Trusts and Estates
Estate Planning in a Digital World
Every day we become more connected to each other through our computers and smartphones, and we increasingly depend upon digital technology in our daily lives. The Internet has replaced snail mail. We use social media to keep in touch with our “friends” and to network with our professional contacts. We pay our bills online and store our financial records, photographs, music, and videos in the “cloud.” This technological and behavioral revolution has created new challenges for families when a loved one becomes incapacitated or dies. Largely unheard of ten years ago, estate planning for digital assets has become a hot topic.1
What are digital assets?
Digital assets can be tangible or intangible. Tangible examples include smartphones, personal computers (e.g., laptops and tablets), flash drives and other storage devices, e-book readers, cameras, music players, and home security systems.
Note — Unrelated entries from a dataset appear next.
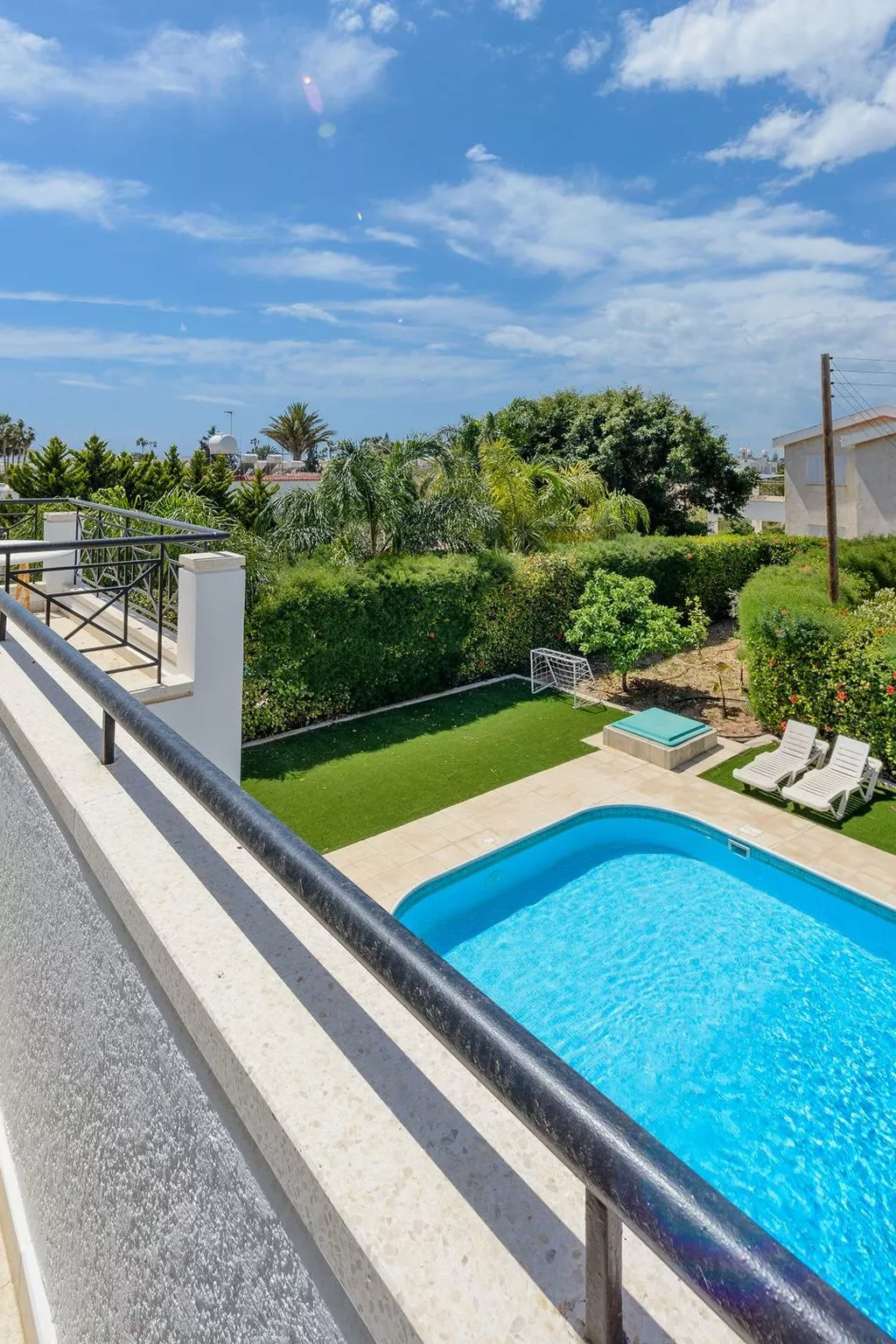 4-Schlafzimmer-Villa mit privatem Pool in Ayia Napa - Image-tags.info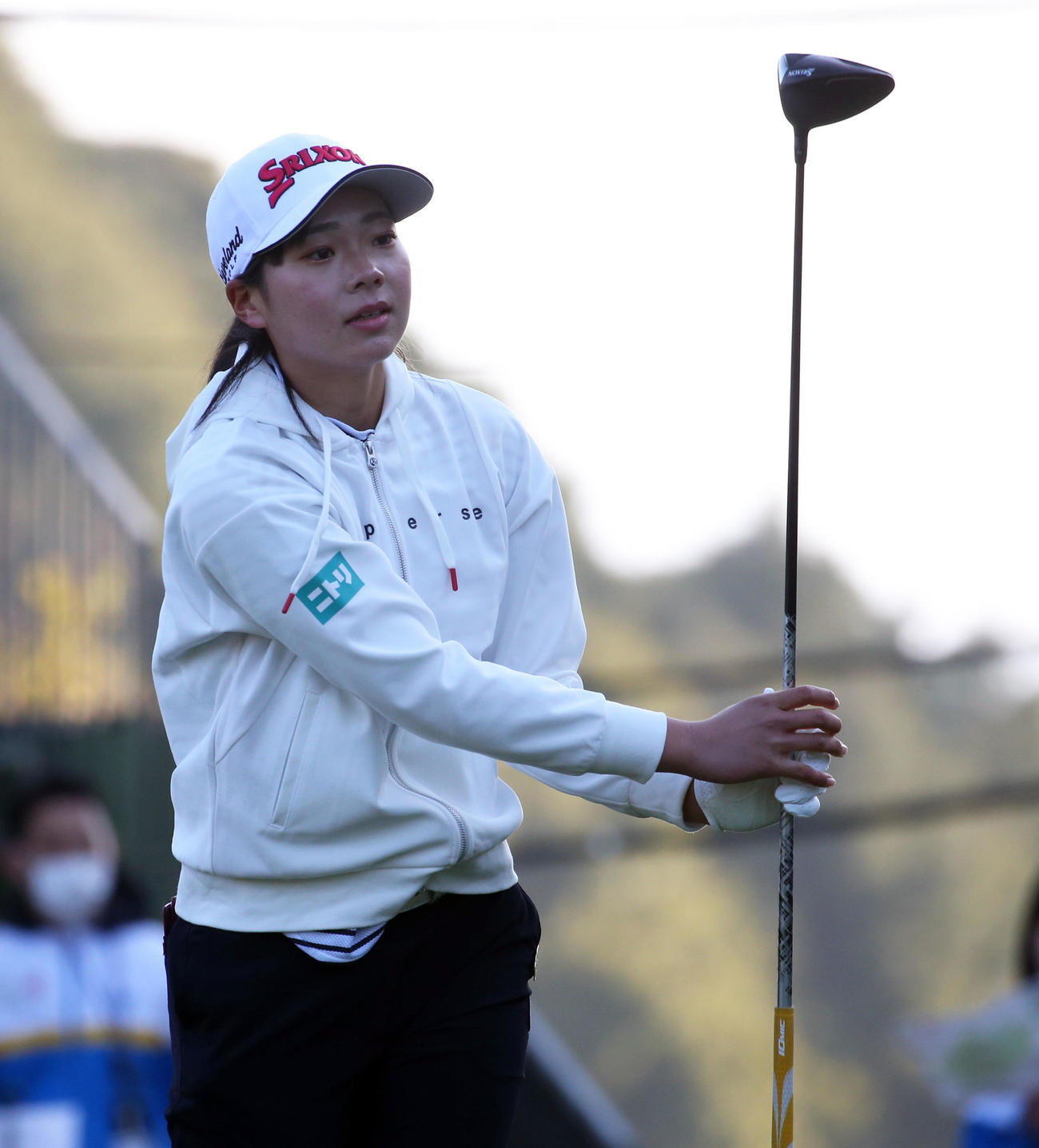 1番、ティーショットを放ち打球の行方を確認する菅（撮影・冨田成美）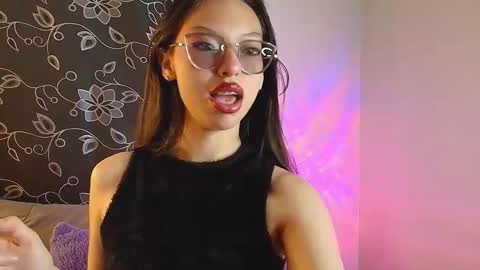 Ammelie online show from February 19, 2026, 11:23 pm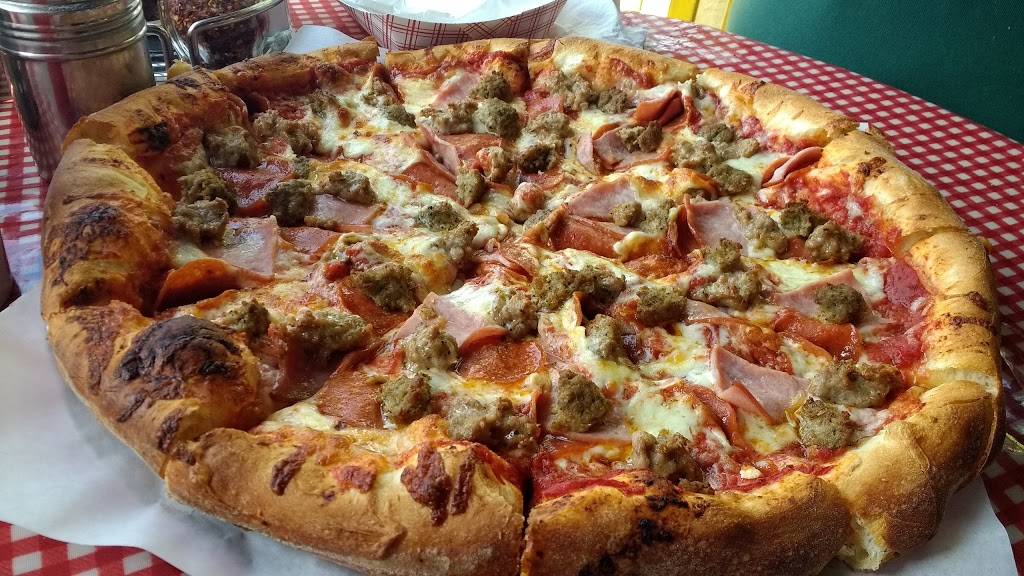 Dinos Pizza | restaurant | 3520 Burbank Blvd, Burbank, CA 91505, USA | 8188413311 OR +1 818-841-3311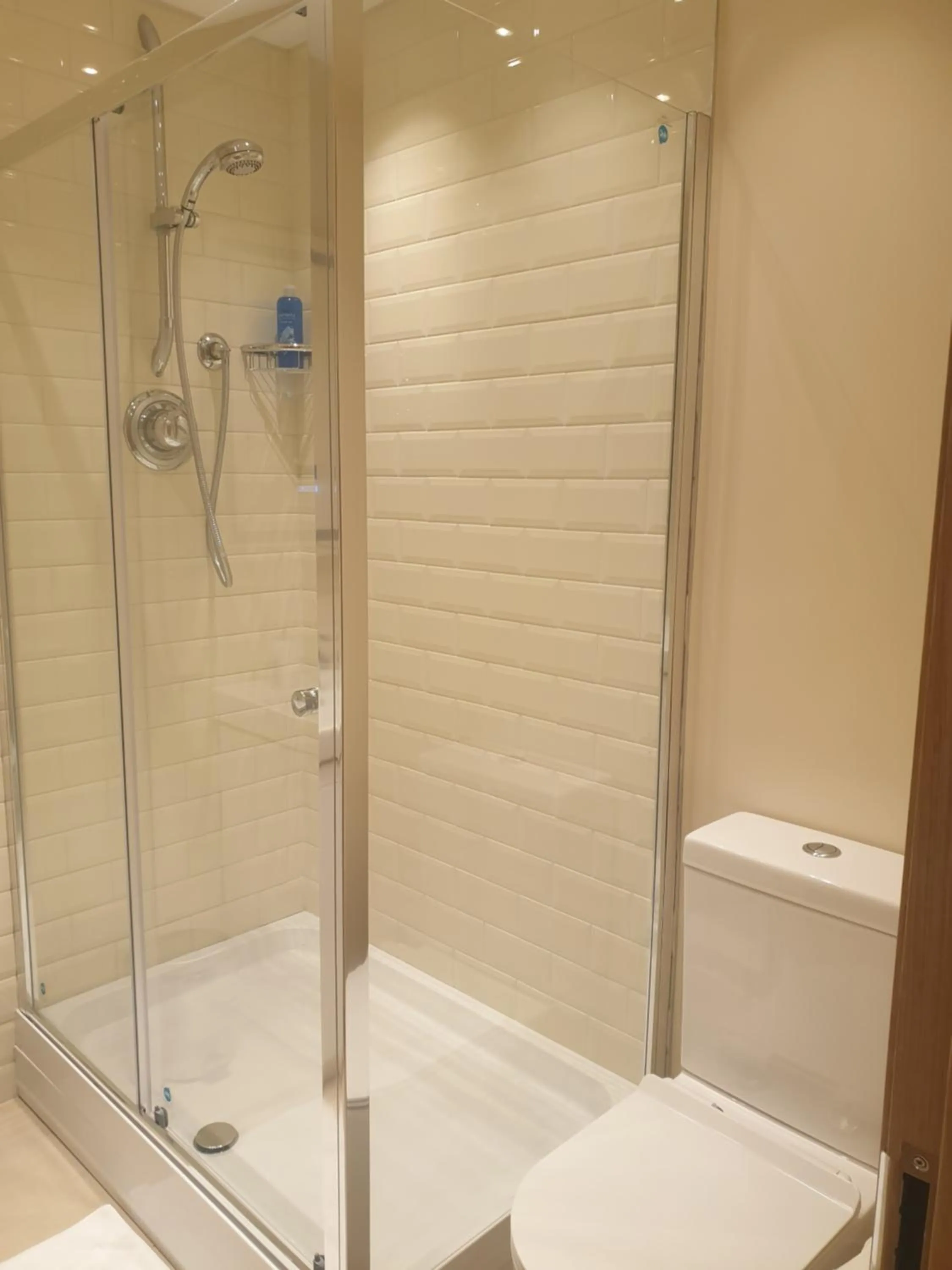 London Luxury Apartments 3 Bedroom Sleeps 8 with 3 Bathrooms 4 mins walk to tube free parking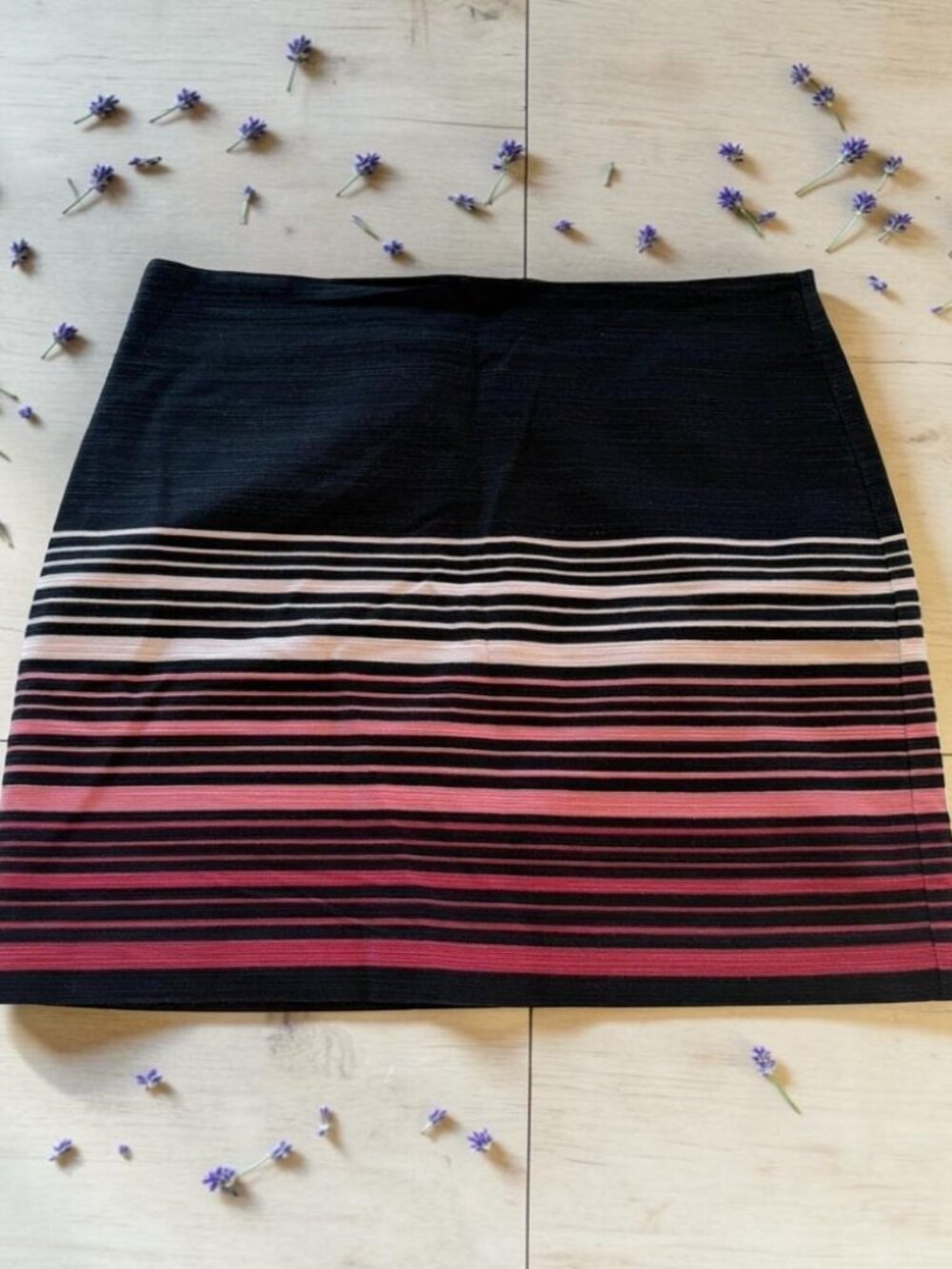 LOFT Outlet Mini Skirt Womens‎ 12 Black Pink Stripe Textured Lined Office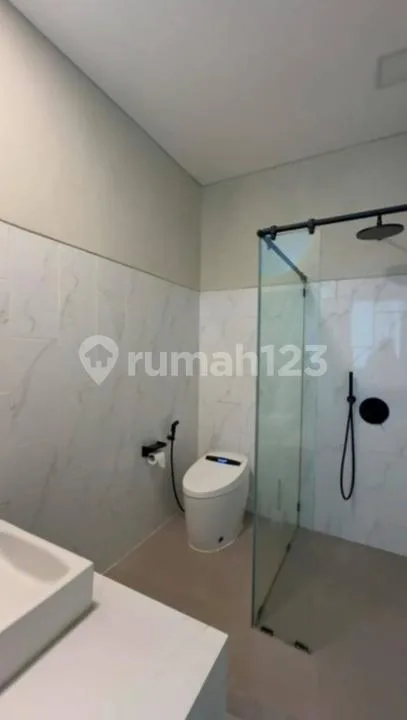 Villa Baru Lokasi Premium Lengkap Dekat Kemanamana, Berawa Canggu - Image 1 of 4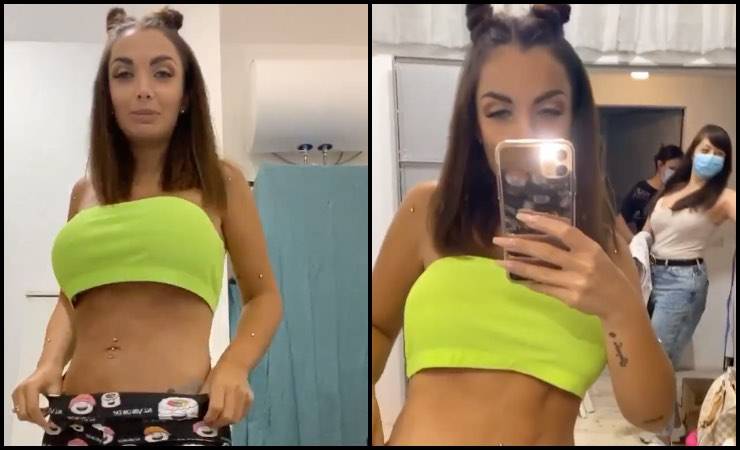 Elettra Lamborghini, pensante insulto alla fan: è polemica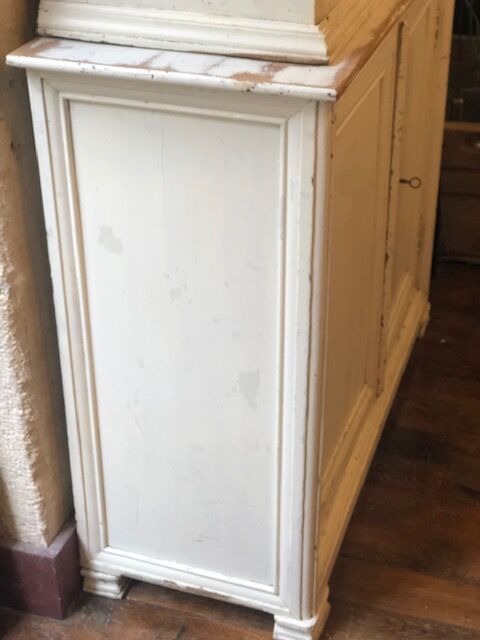 Painted wooden dresser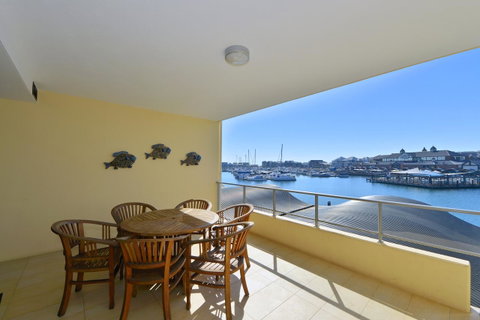 Dolphin Quay Apartments - Kempsey Accommodation 14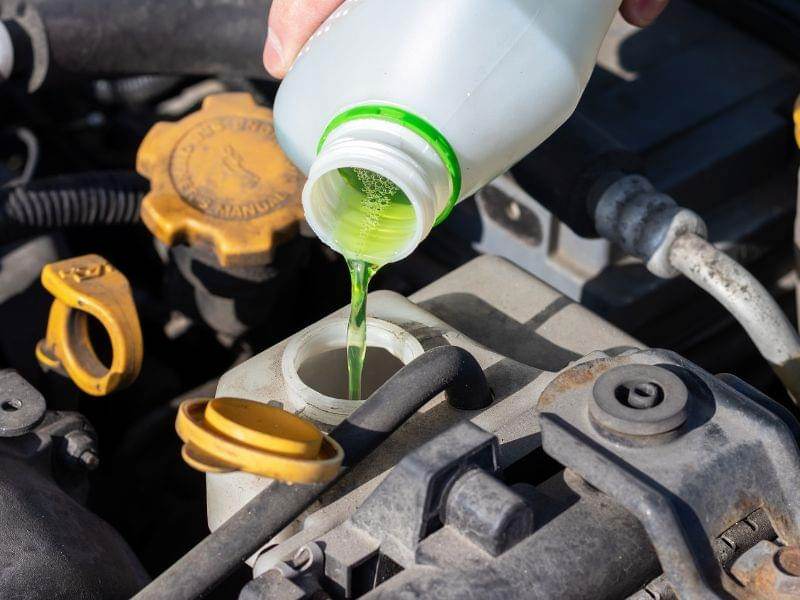 Bình nước phụ ô tô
Intangible digital assets include email accounts; electronic financial and tax records (e.g., tax returns prepared and filed electronically using TurboTax or similar software); online accounts used for buying and selling goods (e.g., Amazon and eBay); social networking accounts (e.g., Facebook, Twitter, and LinkedIn); web pages, domain names, and blogs; e-books, music, and photos; “virtual” currency, real estate, and other assets in video games; and rights to creative intellectual property that may exist in digital form (e.g., copyrights, licenses, patents, and trademarks).
Do digital assets have any real value?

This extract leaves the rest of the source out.